JÜDISCHES MUSEUM WESTFALEN IN DORSTEN

EIN HAUS ZUM SEHEN, STAUNEN UND LERNEN

Die Besucher empfängt der hebräische Friedensgruß "Shalom"
Die Besucher empfängt der hebräische Friedensgruß "Shalom"
Das Jüdische Museum Westfalen ist mehr als eine Sammlung von Ausstellungsstücken und Informationen: Die Bibliothek, die Kurs- und Seminarangebote erweitern das Museum zu einem Studienzentrum, das zur Beschäftigung mit der jüdischen Kultur einlädt. In der Dauerausstellung erhält der Besucher einen Einblick in die Geschichte der Juden in Westfalen, die mit dem Holocaust im Dritten Reich ihr Ende fand. Einzelschicksale werden vorgestellt und der historische Zusammenhang aufgezeigt.

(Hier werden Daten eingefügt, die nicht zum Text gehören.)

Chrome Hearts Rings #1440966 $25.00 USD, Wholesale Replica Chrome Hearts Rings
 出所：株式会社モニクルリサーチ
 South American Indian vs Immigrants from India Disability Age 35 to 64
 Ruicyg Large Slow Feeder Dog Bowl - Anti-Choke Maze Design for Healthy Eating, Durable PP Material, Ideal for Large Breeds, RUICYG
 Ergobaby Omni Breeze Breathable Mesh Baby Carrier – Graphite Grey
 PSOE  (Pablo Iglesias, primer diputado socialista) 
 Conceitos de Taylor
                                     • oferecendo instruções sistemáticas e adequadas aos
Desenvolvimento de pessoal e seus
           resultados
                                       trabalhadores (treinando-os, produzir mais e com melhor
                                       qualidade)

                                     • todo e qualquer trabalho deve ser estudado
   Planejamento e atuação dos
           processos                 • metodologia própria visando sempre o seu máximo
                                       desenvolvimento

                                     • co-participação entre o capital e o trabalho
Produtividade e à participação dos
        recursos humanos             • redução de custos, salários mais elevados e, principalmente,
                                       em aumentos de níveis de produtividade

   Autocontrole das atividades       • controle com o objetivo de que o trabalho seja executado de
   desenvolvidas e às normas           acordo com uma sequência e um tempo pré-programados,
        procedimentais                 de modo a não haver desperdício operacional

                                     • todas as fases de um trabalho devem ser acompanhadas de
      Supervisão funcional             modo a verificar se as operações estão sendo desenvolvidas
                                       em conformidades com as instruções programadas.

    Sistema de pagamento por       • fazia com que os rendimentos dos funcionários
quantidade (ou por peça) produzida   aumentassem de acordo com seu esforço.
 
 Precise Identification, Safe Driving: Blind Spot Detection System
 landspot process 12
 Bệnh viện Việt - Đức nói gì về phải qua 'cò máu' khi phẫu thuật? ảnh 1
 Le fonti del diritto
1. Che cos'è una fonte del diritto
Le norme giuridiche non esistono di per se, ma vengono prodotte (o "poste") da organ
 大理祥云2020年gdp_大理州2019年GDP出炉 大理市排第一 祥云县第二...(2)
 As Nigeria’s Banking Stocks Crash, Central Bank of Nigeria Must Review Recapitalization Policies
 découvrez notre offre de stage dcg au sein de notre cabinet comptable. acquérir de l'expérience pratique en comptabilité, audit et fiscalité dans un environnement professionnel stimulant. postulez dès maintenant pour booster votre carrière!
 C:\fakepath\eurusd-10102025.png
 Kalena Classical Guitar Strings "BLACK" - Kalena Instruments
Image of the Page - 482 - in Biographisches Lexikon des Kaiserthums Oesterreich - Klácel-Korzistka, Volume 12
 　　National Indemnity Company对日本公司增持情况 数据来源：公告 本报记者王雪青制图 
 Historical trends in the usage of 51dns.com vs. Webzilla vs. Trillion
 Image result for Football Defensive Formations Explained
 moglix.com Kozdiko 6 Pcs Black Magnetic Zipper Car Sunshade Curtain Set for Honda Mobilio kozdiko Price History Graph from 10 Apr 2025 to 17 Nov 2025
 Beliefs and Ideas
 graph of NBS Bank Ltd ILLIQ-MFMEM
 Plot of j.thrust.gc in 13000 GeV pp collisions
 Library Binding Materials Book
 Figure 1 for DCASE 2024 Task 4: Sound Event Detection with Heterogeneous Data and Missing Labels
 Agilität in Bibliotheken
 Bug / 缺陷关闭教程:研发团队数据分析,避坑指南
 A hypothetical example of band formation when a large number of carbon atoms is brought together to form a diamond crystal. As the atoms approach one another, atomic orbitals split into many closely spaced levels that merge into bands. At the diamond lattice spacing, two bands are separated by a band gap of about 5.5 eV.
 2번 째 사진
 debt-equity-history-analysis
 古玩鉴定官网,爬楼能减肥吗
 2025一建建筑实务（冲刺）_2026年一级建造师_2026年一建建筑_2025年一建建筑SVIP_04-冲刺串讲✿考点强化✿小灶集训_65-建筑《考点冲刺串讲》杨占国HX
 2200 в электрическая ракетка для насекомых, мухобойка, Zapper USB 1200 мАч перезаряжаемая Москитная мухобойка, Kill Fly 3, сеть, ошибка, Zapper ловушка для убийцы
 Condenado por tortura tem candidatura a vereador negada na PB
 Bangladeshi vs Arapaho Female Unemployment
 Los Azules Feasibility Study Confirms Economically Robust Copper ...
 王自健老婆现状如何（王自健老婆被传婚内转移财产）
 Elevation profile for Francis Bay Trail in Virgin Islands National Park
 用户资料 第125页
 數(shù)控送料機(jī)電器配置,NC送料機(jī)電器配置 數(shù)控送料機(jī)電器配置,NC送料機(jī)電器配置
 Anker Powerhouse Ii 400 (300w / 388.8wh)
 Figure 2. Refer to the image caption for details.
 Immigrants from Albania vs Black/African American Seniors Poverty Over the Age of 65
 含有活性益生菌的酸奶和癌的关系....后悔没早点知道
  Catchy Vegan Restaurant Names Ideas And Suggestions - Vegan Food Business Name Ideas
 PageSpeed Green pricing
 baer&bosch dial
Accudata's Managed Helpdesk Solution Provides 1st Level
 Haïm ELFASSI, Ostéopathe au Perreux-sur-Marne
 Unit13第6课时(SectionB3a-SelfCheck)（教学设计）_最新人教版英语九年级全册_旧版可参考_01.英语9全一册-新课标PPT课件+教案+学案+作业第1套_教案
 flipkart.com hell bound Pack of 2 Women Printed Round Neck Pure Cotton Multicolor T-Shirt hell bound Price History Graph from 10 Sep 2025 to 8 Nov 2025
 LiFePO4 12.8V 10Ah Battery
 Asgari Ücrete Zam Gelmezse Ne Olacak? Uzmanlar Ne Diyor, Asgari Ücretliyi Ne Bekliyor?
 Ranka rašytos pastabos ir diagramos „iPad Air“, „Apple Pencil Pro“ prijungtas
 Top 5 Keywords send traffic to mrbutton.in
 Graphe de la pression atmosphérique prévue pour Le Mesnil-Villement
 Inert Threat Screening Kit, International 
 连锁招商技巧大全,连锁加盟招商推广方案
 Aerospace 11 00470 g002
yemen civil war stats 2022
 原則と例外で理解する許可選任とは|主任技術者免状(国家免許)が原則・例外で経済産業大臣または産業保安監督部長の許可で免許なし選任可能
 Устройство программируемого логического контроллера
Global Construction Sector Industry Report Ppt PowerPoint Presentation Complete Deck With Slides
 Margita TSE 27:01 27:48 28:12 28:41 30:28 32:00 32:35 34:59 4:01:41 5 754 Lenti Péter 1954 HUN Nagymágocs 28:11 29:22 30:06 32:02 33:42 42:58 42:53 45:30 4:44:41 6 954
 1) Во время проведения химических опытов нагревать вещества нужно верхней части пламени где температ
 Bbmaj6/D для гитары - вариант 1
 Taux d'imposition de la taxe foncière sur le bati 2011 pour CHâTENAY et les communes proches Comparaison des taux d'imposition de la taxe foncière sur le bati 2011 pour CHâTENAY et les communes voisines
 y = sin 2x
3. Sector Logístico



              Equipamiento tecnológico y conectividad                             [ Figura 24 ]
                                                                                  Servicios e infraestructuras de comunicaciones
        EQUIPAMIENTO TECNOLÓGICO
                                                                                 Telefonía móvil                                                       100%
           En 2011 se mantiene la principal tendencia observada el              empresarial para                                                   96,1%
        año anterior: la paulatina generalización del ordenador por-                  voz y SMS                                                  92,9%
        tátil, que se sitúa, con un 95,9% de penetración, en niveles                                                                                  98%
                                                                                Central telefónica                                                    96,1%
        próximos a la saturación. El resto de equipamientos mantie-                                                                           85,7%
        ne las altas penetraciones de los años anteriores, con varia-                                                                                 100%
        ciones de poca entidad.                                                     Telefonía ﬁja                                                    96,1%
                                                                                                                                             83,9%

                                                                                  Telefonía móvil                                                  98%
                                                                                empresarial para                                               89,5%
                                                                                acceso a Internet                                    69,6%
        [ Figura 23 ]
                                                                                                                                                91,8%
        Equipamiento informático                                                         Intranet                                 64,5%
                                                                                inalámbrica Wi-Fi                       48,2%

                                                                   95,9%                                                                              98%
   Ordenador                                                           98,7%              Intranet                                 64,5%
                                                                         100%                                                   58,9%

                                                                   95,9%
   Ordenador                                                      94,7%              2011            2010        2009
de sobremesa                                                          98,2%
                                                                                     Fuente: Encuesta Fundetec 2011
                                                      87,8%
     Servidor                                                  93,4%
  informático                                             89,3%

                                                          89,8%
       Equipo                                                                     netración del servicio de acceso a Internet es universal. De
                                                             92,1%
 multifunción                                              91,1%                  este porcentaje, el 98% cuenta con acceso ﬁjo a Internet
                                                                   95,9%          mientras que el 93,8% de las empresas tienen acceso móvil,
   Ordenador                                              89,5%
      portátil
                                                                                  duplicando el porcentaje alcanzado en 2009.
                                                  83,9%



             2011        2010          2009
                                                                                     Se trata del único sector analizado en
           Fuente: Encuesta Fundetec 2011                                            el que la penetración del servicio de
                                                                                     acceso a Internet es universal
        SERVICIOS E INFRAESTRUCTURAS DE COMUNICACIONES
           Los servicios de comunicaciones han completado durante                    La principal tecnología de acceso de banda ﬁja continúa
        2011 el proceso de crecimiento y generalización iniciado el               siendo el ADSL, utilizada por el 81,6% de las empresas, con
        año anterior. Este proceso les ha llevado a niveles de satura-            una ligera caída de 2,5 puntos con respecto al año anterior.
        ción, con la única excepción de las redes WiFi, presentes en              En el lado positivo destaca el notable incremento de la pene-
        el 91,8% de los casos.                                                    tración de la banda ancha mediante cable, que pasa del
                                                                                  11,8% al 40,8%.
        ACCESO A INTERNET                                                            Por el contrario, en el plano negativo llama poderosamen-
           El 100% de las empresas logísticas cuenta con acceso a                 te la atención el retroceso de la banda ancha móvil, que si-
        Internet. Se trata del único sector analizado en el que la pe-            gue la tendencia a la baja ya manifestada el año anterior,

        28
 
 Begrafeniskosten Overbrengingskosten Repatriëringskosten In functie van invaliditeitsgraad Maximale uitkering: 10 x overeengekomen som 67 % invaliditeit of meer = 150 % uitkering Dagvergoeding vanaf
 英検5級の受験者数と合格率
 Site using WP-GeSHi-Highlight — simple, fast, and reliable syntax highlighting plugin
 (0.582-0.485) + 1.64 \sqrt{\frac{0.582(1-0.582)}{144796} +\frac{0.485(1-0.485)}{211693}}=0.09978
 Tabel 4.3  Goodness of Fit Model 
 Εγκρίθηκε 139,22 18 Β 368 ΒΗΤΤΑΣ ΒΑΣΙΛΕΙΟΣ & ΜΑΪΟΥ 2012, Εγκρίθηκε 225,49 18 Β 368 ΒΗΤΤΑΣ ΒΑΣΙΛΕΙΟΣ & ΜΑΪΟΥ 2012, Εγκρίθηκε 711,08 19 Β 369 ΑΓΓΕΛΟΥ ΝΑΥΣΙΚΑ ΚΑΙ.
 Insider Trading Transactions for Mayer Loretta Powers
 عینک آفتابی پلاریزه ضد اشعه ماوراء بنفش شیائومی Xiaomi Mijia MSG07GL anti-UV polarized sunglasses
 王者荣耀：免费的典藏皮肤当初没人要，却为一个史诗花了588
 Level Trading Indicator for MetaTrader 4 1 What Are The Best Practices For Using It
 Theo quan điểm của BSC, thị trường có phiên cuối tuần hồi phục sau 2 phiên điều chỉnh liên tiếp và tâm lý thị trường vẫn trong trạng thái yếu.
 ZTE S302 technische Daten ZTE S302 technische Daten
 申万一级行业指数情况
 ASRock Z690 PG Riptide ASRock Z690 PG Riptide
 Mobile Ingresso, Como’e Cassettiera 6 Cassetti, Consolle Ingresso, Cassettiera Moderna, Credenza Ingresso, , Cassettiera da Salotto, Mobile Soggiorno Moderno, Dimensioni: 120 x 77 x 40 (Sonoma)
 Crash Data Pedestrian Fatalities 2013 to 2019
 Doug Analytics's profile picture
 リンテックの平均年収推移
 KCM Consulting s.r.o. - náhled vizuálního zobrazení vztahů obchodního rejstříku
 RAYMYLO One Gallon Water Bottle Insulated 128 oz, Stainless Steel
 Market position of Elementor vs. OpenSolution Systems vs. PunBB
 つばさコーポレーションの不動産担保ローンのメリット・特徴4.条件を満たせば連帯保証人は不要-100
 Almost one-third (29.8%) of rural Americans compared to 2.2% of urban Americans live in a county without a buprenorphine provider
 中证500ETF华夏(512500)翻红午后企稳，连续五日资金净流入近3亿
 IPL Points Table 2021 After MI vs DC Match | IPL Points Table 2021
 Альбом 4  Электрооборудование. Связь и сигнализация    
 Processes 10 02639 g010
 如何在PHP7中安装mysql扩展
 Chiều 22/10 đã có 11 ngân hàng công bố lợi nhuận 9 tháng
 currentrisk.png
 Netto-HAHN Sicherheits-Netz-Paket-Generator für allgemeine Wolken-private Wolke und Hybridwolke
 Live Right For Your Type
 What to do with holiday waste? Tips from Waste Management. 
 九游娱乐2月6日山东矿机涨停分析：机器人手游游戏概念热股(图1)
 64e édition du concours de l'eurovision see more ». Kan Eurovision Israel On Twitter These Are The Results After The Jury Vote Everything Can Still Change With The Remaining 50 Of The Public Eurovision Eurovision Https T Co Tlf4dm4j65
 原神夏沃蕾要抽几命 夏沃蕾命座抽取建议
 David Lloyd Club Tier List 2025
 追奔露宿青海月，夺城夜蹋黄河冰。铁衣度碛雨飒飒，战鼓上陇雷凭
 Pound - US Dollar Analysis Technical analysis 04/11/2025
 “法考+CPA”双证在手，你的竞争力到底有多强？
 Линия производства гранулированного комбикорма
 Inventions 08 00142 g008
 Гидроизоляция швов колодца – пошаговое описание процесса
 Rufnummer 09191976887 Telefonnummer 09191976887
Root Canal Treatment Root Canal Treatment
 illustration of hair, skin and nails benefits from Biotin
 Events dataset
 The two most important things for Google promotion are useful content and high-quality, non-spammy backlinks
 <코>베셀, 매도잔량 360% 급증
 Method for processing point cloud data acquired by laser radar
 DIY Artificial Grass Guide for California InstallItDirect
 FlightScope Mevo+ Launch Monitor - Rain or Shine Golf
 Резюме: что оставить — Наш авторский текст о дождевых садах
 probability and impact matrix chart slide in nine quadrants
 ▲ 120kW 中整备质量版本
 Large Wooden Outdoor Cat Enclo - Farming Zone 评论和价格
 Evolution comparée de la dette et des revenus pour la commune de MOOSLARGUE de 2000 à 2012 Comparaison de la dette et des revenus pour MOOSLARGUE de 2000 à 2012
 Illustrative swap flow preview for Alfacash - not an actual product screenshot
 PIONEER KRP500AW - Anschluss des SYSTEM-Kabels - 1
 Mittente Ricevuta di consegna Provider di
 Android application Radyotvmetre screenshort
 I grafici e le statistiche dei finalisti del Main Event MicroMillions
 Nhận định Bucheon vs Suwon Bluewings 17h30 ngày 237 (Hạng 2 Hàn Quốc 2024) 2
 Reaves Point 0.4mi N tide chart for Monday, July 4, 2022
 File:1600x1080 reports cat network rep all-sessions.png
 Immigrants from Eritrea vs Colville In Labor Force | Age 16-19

Persönliche Schicksale sind ein Bestandteil der Ausstellung.
Persönliche Schicksale sind ein Bestandteil der Ausstellung.
Der Schwerpunkt des Museums liegt auf der anschaulichen Präsentation jüdischer Traditionen. Der Gang durch die Ausstellungsräume orientiert sich am religiösen Festkreis. Hier erfährt der Besucher, welche Feiern den jüdischen Jahreskreis gliedern und welche Zeremonien neue Lebensabschnitte eines jüdischen Gläubigen einläuten. Bücher, liturgische Gegenstände und andere Kostbarkeiten erwarb der Trägerverein des Museums bei jüdischen Händlern unter anderem in London, Wien und Israel. Beim Auktionshaus Sotheby's in New York ersteigerten Vereinsmitglieder einen wertvollen Becher, der eine lange Reise hinter sich hatte - er gehörte ursprünglich dem Münsteraner Rabbiner Abraham Sutro.

Bis nach New York wurde der Weg der Ausstellungsstücke zurückverfolgt.
Bis nach New York wurde der Weg der Ausstellungsstücke zurückverfolgt.
Einige Ausstellungsstücke fanden sich buchstäblich vor der Haustür: Auf dem Dachboden eines Hauses in Bottrop kam nach über vierzig Jahren ein Weidenkorb voller Bücher zutage. Eine jüdische Familie musste ihn bei ihrer Deportation zurücklassen. Nach einem Rundgang durch das Museum können Besucher ihr Wissen in der Bibliothek vertiefen, die über rund 3000 Fachbücher und Zeitschriften verfügt. Den antiquarischen Bestand mit Schriften aus den vergangenen zwei Jahrhunderten nutzen vor allem Wissenschaftler und Studenten. Die Museumsmitarbeiter bieten ebenfalls spezielle Studientage für Schüler an. Ein solcher Tag beginnt mit einer Führung durchs Museum und setzt sich fort mit Quellenlektüre und Diskussionen.

Das Museum gewährt Einblicke in die jüdische Religion.
Das Museum gewährt Einblicke in die jüdische Religion.
Aber auch Erwachsene kommen ins Lehrhaus am Rande der Dorstener Altstadt. In Seminaren lernen sie jüdische Literatur und Kunst kennen oder besuchen Sprachkurse in Hebräisch. Das Vortragsprogramm gestalten Museumsmitarbeiter und auswärtige Gelehrte. Oft geht es dabei um die Themen der Sonderausstellungen. Drei bis vier solcher Sonderschauen präsentiert das Museum jährlich. In der Vergangenheit waren beispielsweise Arbeiten der Maler Marc Chagall und Salvador Dali zu sehen. Eine andere Schau informierte über die Geschichte des Davidsterns.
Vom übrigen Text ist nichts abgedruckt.